A new model rule that would limit the free speech of attorneys is falling flat. And for good reason: it’s unconstitutional.
At its 2016 Annual Convention, the American Bar Association (ABA) voted to add a new provision to its Model Rules of Professional Conduct which would subject lawyers to professional discipline should they engage in any speech or conduct that is harassing or discriminatory.
Despite the concerted efforts of the ABA to convince states to adopt the new model rule, no state has done so. And now, one state – South Carolina – has expressly rejected the rule.
The South Carolina Supreme Court announced last week that it is refusing to impose the rule on South Carolina’s attorneys. This comes on the heels of the South Carolina Attorney General concluding that “the Rule severely infringes upon Free Speech.”

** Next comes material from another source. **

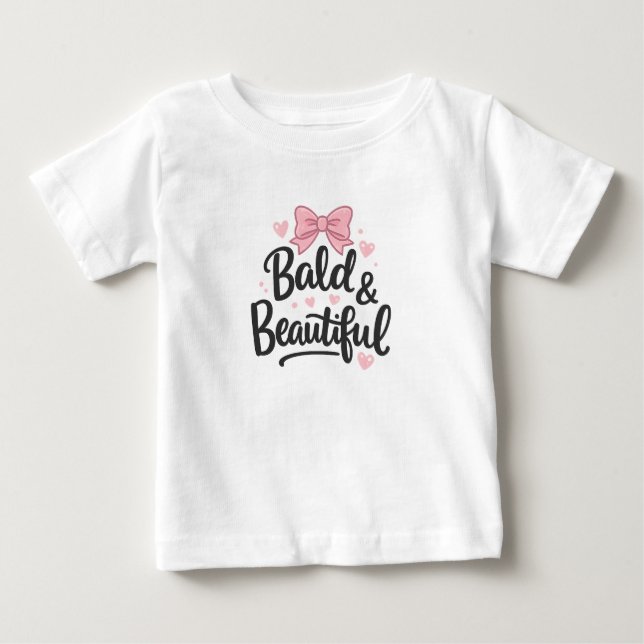Camiseta De Bebé Bald & Beautiful Pink Bow Baby Gift T-Shirt (Anverso)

The Texas Attorney General came to essentially the same conclusion several months earlier, finding that the new rule “would unconstitutionally restrict freedom of speech, free exercise of religion, and freedom of association for members of the State Bar” and was overbroad and vague.
Many commentators point out that the new model rule creates an unconstitutional speech code for lawyers. Others note that the new rule also:
- regulates attorney speech and conduct beyond the legitimate interests of the bar;
- conflicts with other professional rules; and
- could hurt clients by saddling them with attorneys who cannot zealously represent them.

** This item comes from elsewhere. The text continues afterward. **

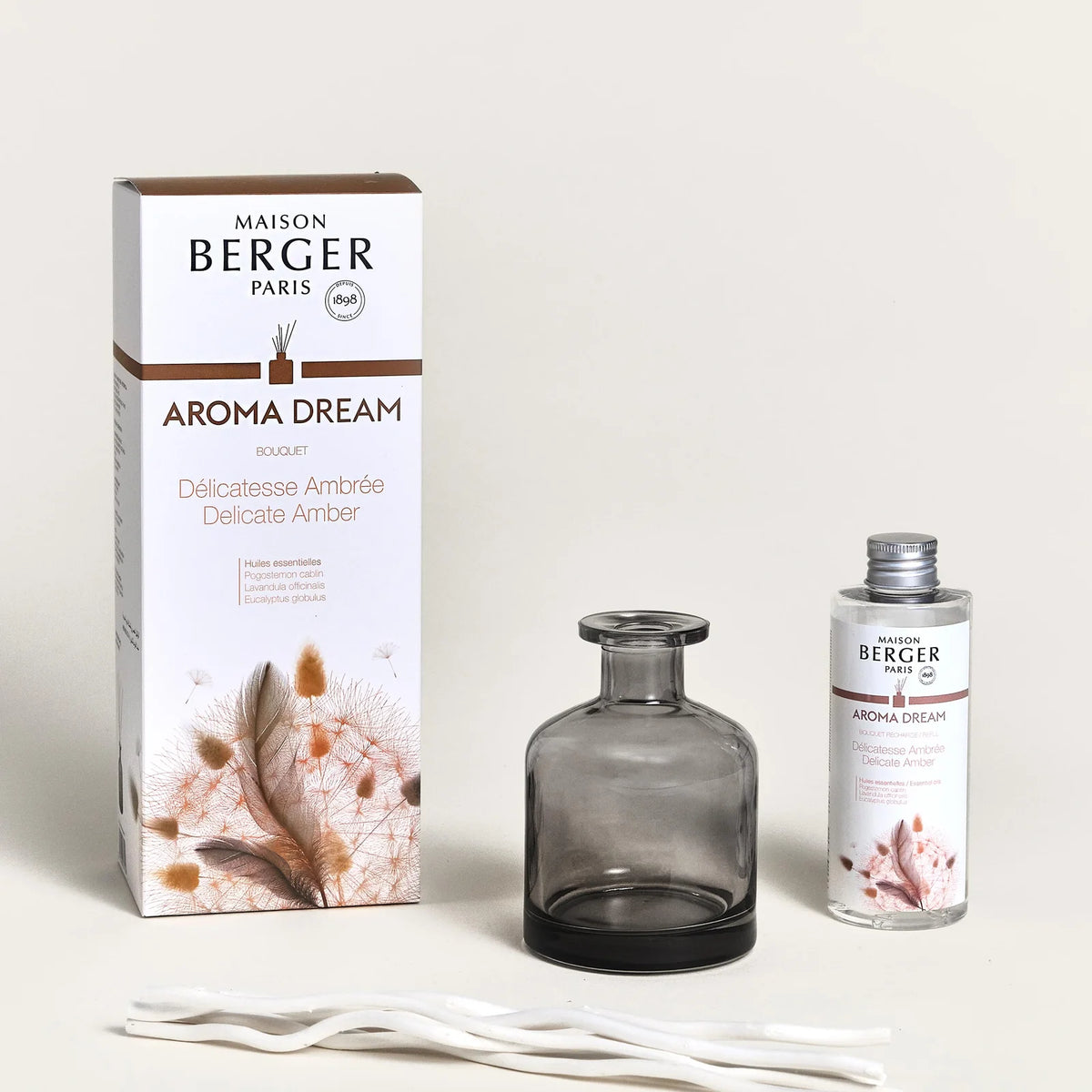 Maison Berger Aroma Dream duftpinde med gråt glasflakon, hjemmeduft dekor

On top of that, neither the ABA nor any others advocating in favor of the new rule can provide a legally coherent defense of the rule. When pressed, they resort to the “trust us” defense – claiming not that the rule is constitutional, but that attorneys can trust the state not to apply the rule in an unconstitutional manner.
No lawyer worth their salt would buy that. Fortunately for South Carolina’s attorneys, their Supreme Court didn’t buy it either.